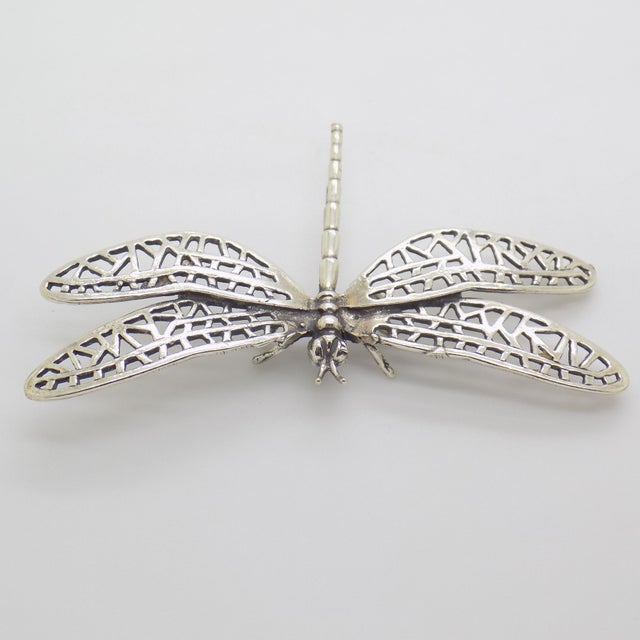 Vintage Italian Handmade Silver Life Size Dragonfly Figurine, 1980s For Sale - Image 6 of 11
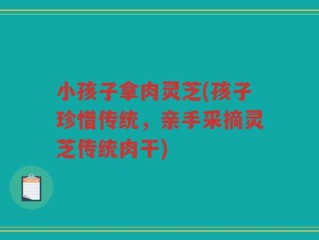 小孩子拿肉灵芝(孩子珍惜传统，亲手采摘灵芝传统肉干)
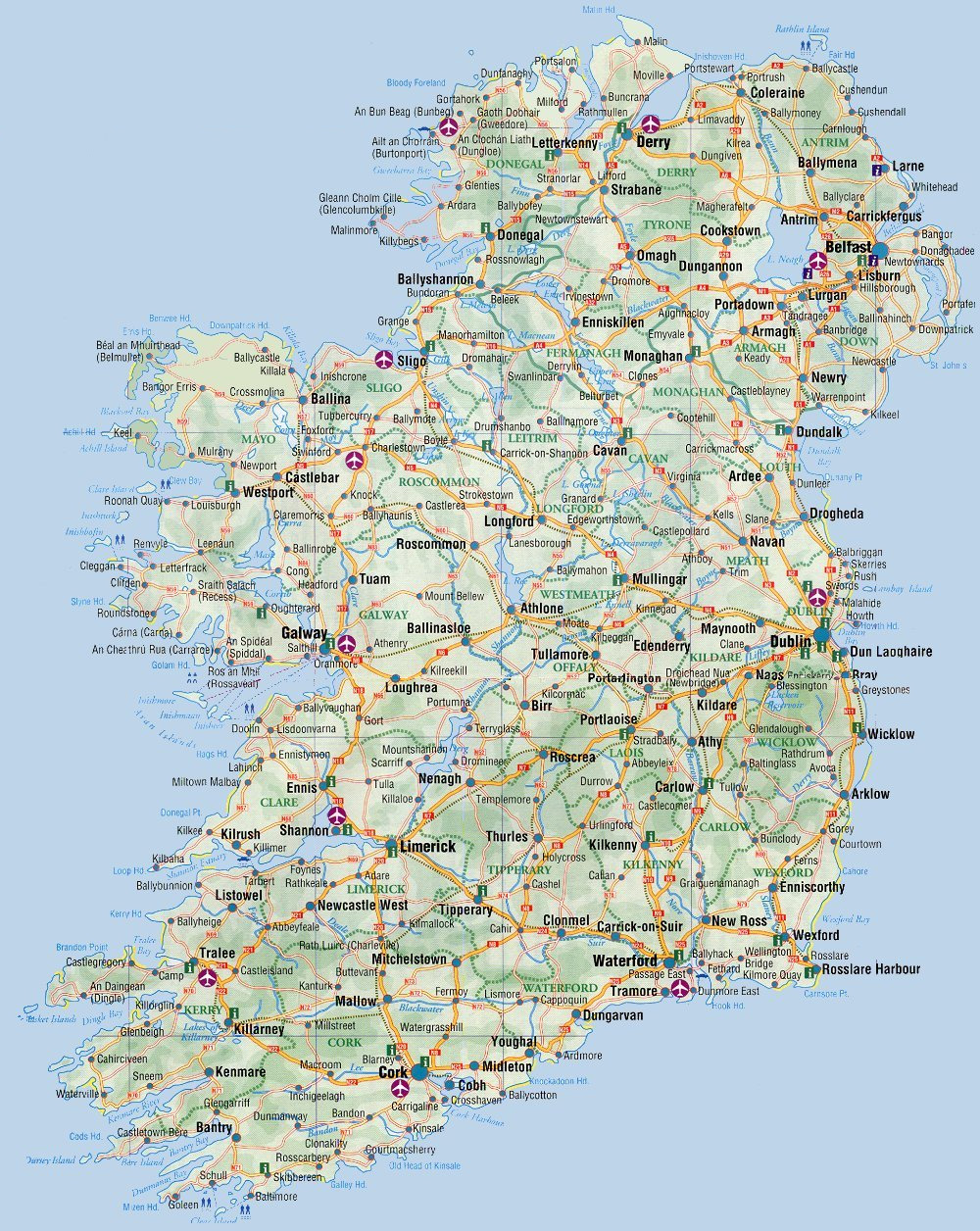 Mapa de Estradas da Irlanda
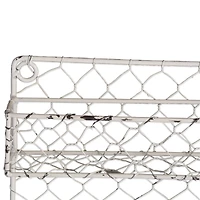 DII® 21" Antique White 4 Row Chicken Wire Spice Rack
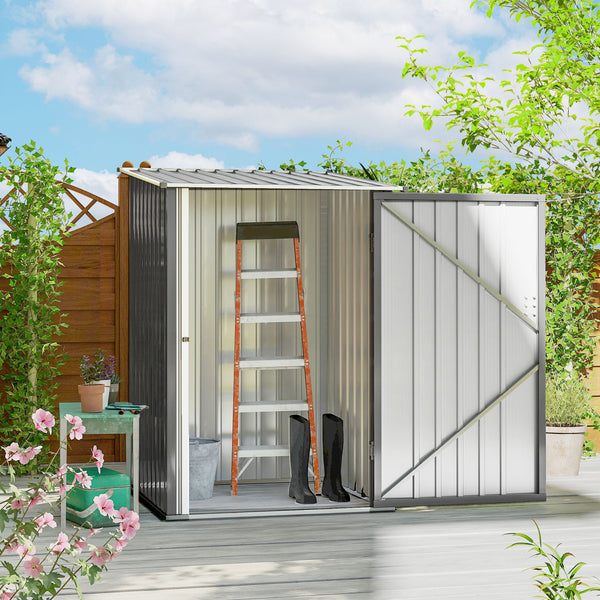 Geräteschuppen Metall klein für Garten grau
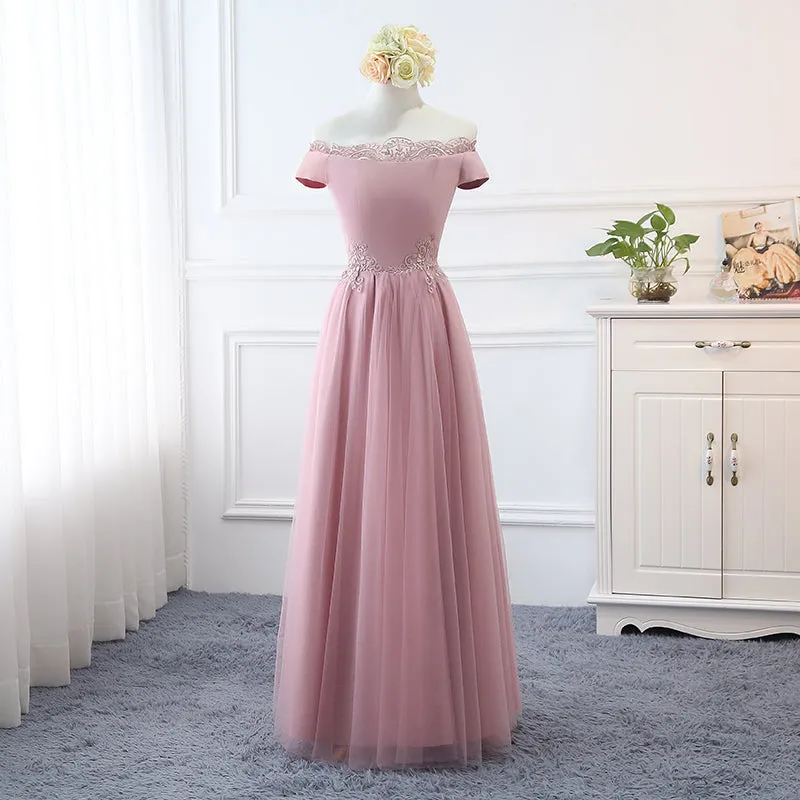 Beautiful Pink Off Shoulder Long Bridesmaid Dress, A-line Simple Prom Dress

════════

All the records need to be set down word for word, with the images left out.

 Vintage Italian Handmade Silver Life Size Dragonfly Figurine, 1980s For Sale - Image 6 of 11
 小孩子拿肉灵芝(孩子珍惜传统，亲手采摘灵芝传统肉干)
 Mapa de Estradas da Irlanda
 DII® 21" Antique White 4 Row Chicken Wire Spice Rack
 Geräteschuppen Metall klein für Garten grau
 Beautiful Pink Off Shoulder Long Bridesmaid Dress, A-line Simple Prom Dress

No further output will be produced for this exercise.